3 September 2006: 22nd Sunday in Ordinary Time
Mark 7, 14-23: Our Tongues

In the Gospel, the disciples are accused of not washing before dinner, as the purity laws require. Jesus replies that it is not what people eat that defiles them; it is their inner heart, issuing in outside behavior, that matters. What does this mean? He means that only persons can really be defiled; and what defiles a person is his own actions, which are the products of his own heart. Jesus says that every outward act of sin, for example, is preceded by an inward act of choice; therefore, Jesus begins with the evil thought from which the evil action comes. Jesus adds that uncleanness has to do with what comes out of our heart and it is manifested by our lips, our tongues, or what we say.

Thus, Jesus quotes Isaiah about empty, pretentious worship --- they use their lips but their hearts are far from God. There is a story about Xanthus, the philosopher. He once told his servant that he will have some friends for dinner the next day, and that he should get the best thing he could find in the market.
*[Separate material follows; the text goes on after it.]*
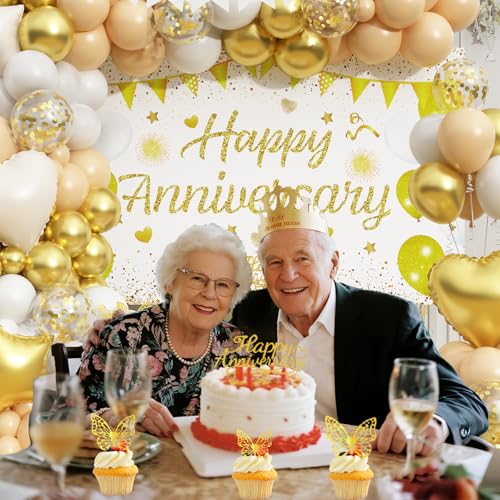 Happy Anniversary Decorations, 89pcs Wedding & Work Anniversary Party Decorations for Women Men, 50th 60th 30th 20th, Backdrop, Banner, Tablecloth, Foil & Latex Balloons, Cake Topper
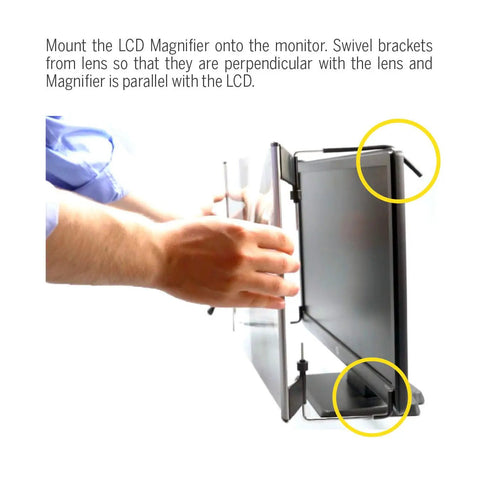 Screen Magnifier For 21 Point 5 Inch And 22 Inch Widescreen Monitors With Fresnel Lens And Optical Grade Acrylic Doubles Image Size For Easy Read No Fuss Lightweight And Fully Assembled installed on LCD monitor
The philosopher and his guest sat down the next day at the table. They had nothing but the tongue --- four or five courses of tongue --- tongue cooked in this way, and tongue cooked in that way. The philosopher finally lost his patience and said to his servant, “Didn’t I tell you to get the best thing in the market?” The servant said, “I did get the best thing in the market. Isn’t the tongue the organ of sociability, the organ of eloquence, the organ of kindness, the organ of worship?”

Then Xanthus, the philosopher, said, “Tomorrow, I want you to get the worse thing in the market.” The next day, Xanthus and his friends sat at table, and there was nothing but tongue --- four or five courses of tongue --- tongue in this shape and tongue in that shape. The philosopher lost his patience again and said, “Didn’t I tell you to get the worse thing in the market?” The servant replied, “I did; for isn’t the tongue the organ of blasphemy, the organ of defamation, the organ of lying?”

I guess, today, we are asked to look at our hearts --- by way of the tongue. What we say, will tell us about what is in our hearts. The tongue, like all body organs, follows what proceeds from the center of our persons. Our tongue is the only tool that grows sharper with constant use. So just in case we find our tongues the source of other people’s hurt or even ours, or even if we find our tongues also the source of greatness and goodness, we can get advice from Johann von Goethe: At least once every day, one ought to hear a song; read a good poem, see a fine painting and if possible, speak a few reasonable words. By doing so, we also can practice our hearts.